# 2012 Jetta 2.5, 5 speed - Transmission fluid flush DIY?



## Bunsen (Mar 26, 2015)

Hello all,
This is my first post on this forum, although i have been a lurker for a while! 
My goal here is to absorb as much knowledge about this car as I can, and to eventually gain confidence to tackle maintenance and basic repairs.

I am looking for a basic DIY to do a transmission fluid flush on a 2.5 with a manual transmission. I have found info for the auto trans, but not for a manual specifically. Can someone point me in the right direction if such a thread exists?

I am also considering paying for the erWin online manual. Will this help me with maintenance? From what i have gathered, Bentley doesn't produce a manual for the mk6 jetta or else i would buy it.

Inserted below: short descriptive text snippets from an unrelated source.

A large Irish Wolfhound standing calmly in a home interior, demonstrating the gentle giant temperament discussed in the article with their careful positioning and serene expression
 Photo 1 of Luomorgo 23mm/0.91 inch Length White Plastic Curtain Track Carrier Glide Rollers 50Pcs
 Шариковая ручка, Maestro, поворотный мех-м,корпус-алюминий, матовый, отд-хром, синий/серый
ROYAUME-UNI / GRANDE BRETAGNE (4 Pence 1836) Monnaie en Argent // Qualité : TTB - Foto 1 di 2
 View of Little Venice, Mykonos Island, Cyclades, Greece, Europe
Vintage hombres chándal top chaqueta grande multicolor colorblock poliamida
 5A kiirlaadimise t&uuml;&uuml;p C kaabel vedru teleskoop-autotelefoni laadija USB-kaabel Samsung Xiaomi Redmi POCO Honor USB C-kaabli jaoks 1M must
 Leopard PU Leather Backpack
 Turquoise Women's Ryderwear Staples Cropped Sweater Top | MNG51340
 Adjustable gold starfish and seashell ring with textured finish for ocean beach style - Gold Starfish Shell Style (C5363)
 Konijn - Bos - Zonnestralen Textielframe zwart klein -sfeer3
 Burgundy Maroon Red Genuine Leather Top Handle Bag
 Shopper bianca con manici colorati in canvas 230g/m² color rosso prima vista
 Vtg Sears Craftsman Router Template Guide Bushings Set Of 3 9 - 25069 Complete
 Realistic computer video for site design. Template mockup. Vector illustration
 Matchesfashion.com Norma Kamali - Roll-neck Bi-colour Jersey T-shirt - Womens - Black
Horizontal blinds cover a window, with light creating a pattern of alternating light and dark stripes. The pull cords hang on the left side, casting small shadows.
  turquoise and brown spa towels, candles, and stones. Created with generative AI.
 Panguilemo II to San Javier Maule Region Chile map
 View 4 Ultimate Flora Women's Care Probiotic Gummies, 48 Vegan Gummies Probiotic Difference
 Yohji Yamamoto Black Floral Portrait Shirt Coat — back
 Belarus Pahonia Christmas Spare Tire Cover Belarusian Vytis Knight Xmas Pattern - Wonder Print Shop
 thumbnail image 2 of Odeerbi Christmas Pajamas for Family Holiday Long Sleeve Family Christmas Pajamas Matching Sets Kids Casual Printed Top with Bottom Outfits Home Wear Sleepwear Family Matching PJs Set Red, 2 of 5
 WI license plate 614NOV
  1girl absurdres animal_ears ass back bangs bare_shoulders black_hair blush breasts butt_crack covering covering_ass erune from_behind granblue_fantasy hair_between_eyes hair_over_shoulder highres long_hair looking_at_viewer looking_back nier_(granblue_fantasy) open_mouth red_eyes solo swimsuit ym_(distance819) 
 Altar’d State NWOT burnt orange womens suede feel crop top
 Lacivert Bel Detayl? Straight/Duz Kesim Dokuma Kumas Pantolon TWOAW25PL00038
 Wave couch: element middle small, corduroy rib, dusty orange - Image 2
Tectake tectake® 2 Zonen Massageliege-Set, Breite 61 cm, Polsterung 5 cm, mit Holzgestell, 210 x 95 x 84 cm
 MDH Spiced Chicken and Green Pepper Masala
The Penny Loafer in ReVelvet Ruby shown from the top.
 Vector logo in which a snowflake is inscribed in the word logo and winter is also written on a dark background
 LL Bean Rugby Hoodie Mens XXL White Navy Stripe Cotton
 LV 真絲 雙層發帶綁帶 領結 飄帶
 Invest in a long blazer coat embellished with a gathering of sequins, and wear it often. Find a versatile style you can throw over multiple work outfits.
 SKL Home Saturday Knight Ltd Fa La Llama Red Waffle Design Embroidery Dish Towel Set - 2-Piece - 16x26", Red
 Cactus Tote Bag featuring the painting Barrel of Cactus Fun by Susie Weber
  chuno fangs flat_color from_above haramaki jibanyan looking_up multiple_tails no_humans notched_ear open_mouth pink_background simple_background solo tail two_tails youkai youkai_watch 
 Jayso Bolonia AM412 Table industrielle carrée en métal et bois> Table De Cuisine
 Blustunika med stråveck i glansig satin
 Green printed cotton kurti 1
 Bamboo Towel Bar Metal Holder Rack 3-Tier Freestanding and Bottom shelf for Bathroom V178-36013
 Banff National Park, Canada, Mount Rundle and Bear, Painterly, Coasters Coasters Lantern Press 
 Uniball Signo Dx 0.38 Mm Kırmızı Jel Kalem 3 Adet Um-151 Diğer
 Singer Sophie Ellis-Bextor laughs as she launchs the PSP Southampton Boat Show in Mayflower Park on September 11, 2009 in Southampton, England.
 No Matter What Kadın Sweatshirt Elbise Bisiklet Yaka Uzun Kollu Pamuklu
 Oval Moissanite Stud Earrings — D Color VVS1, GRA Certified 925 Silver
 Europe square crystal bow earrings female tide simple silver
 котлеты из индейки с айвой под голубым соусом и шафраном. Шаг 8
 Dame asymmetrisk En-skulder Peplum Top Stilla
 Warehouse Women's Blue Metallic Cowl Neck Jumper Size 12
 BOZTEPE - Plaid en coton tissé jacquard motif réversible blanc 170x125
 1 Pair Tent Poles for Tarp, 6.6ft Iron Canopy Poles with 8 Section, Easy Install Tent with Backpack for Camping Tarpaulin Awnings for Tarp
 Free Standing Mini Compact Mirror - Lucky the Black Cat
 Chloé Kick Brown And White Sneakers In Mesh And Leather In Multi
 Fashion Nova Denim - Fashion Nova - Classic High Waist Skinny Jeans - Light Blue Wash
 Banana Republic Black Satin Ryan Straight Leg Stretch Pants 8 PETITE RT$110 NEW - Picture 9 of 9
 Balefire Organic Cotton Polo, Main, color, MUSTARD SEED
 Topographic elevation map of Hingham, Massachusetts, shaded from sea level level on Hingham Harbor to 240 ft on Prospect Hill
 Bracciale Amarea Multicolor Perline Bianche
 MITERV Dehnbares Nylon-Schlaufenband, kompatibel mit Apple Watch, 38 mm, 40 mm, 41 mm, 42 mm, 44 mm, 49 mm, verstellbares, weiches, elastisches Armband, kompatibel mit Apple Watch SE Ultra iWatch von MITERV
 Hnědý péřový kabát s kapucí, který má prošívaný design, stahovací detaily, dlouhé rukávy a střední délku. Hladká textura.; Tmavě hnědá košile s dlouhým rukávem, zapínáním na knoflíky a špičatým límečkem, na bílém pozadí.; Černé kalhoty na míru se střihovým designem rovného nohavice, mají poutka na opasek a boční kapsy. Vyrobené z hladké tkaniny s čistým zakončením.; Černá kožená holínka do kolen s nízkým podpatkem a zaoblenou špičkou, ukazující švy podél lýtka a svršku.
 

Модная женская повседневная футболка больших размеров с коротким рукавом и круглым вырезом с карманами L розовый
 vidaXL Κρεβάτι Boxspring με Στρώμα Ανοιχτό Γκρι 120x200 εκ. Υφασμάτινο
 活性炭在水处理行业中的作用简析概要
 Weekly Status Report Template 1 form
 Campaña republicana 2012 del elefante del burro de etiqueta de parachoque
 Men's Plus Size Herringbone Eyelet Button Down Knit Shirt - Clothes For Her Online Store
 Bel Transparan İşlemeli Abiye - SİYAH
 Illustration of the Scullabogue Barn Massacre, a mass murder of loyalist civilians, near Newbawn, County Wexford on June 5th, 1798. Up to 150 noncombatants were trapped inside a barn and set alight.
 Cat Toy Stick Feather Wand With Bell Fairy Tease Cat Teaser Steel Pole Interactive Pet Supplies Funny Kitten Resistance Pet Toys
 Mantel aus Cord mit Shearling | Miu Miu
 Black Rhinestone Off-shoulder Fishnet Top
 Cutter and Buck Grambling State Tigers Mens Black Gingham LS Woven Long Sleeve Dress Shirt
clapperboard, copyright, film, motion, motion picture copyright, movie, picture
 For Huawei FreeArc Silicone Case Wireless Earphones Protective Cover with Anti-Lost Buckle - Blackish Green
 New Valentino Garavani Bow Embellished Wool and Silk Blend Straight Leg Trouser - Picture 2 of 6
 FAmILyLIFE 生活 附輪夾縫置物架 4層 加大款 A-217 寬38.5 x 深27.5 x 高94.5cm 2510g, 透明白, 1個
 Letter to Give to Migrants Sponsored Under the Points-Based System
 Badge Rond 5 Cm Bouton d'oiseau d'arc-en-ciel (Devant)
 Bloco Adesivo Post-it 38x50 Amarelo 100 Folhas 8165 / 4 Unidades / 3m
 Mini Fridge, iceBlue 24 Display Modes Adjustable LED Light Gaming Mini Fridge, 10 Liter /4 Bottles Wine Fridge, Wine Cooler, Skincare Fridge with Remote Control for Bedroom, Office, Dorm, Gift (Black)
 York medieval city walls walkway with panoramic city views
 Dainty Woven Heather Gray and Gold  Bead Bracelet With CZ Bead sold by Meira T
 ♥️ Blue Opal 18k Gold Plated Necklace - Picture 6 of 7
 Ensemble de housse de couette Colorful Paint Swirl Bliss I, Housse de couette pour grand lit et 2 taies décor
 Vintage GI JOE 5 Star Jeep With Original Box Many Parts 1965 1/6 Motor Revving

Thank you all for your patience!


----------



## SocoJoe (Jul 4, 2009)

http://volkswagenownersclub.com/vw/...isison-gear-oil#/forumsite/21195/topics/19508


----------



## SocoJoe (Jul 4, 2009)

Make sure to read a few pages deep, filling through the reverse speed sensor is the right way and stick with OEM fluid


----------



## Bunsen (Mar 26, 2015)

Excellent! Thank you!!!


----------



## VR (Jul 2, 2001)

I'm looking on ECS tuning...I already have the proper redline fluid however some of the kits on ECS show a strange looking "drain plug" that my transmission has but I did not think was the actual drain. 

Sent from my SM-N920V using Tapatalk


----------



## VR (Jul 2, 2001)

https://www.ecstuning.com/Volkswagen-Jetta_V--2.5/Drivetrain/Manual_Transmission/ES2996367/

Sent from my SM-N920V using Tapatalk


----------